====== RECORDS FOR PROCESSING
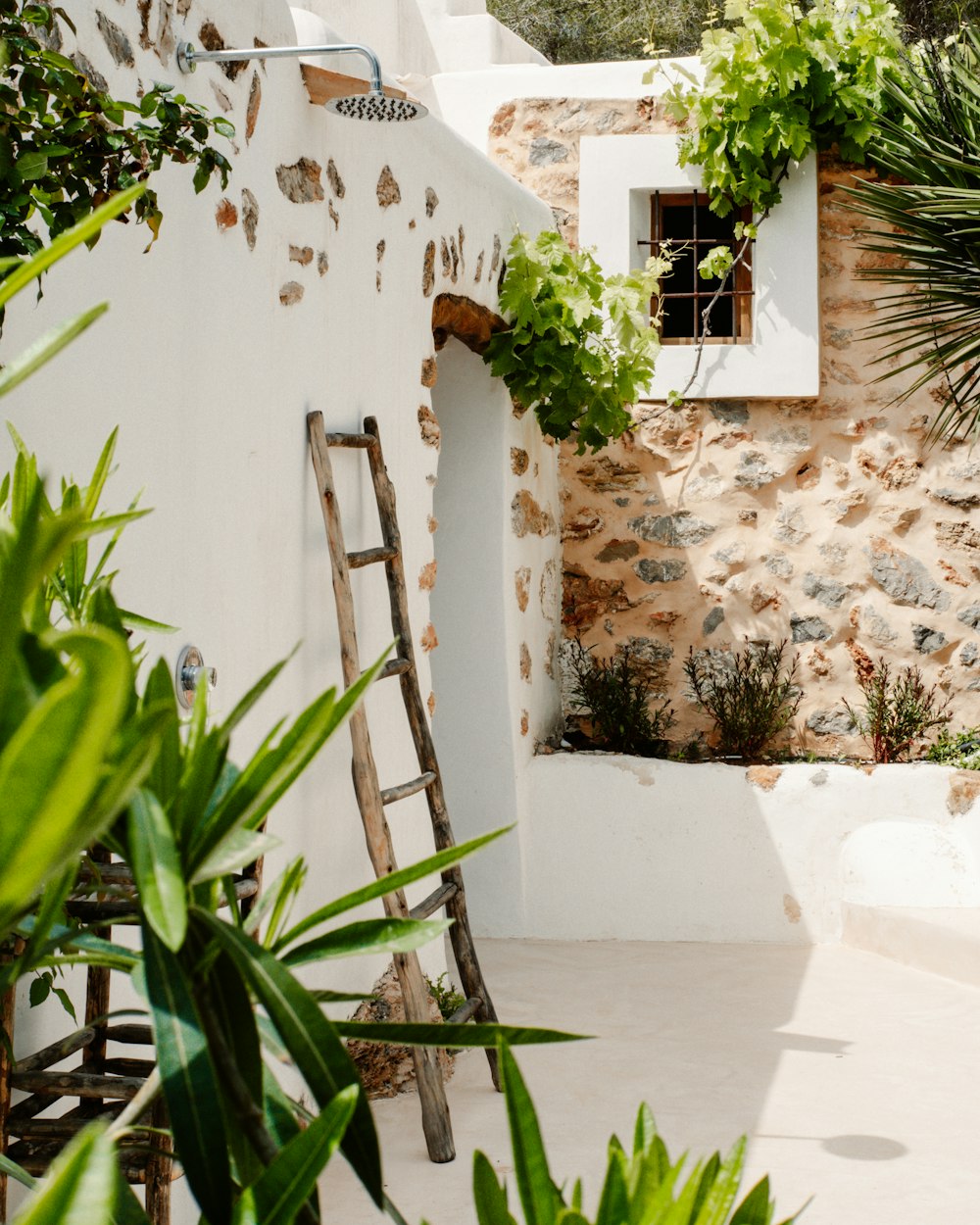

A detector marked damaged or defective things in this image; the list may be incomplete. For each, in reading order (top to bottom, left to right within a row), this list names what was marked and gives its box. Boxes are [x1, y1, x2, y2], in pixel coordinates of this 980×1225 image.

rusty metal window grille [637, 191, 755, 345]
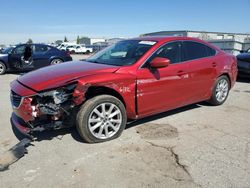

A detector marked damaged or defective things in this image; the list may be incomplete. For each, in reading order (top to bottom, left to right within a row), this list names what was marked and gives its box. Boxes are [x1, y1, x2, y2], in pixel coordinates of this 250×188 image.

crumpled hood [18, 61, 119, 91]
front-end damage [11, 81, 88, 134]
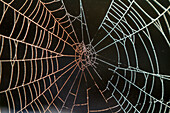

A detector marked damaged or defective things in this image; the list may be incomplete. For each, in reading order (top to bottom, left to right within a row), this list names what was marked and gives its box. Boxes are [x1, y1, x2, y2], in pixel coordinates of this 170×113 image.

broken web strand [91, 0, 170, 112]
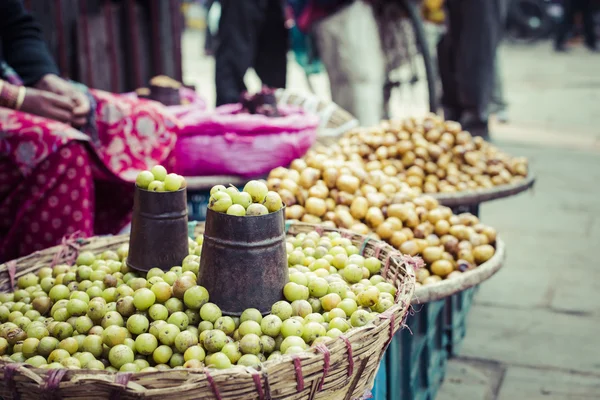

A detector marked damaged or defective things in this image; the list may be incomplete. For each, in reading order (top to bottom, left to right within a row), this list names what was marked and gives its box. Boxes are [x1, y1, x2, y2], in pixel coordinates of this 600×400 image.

rusty metal cup [127, 186, 190, 274]
rusty metal cup [199, 206, 288, 316]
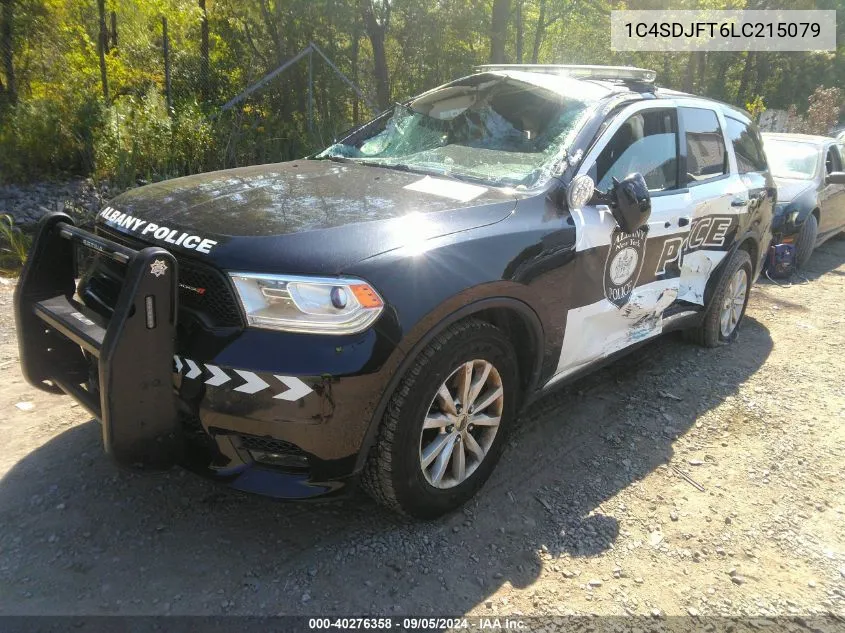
============
From the line containing "this 600×400 image." through the last line of the records above, reproduce every line exactly, leaving out the pictures.

REPLY TO THE EXERCISE:
A detector marked damaged or defective things in this image; the list may be incomplete. For each, in reading order (top to bottom, left to right within a row), this list names what was marked and gives its box. Boxes are [x1, y1, x2, y2], in pixel coordinates of this 600×400 image.

rusty metal cup [127, 186, 190, 274]
rusty metal cup [199, 206, 288, 316]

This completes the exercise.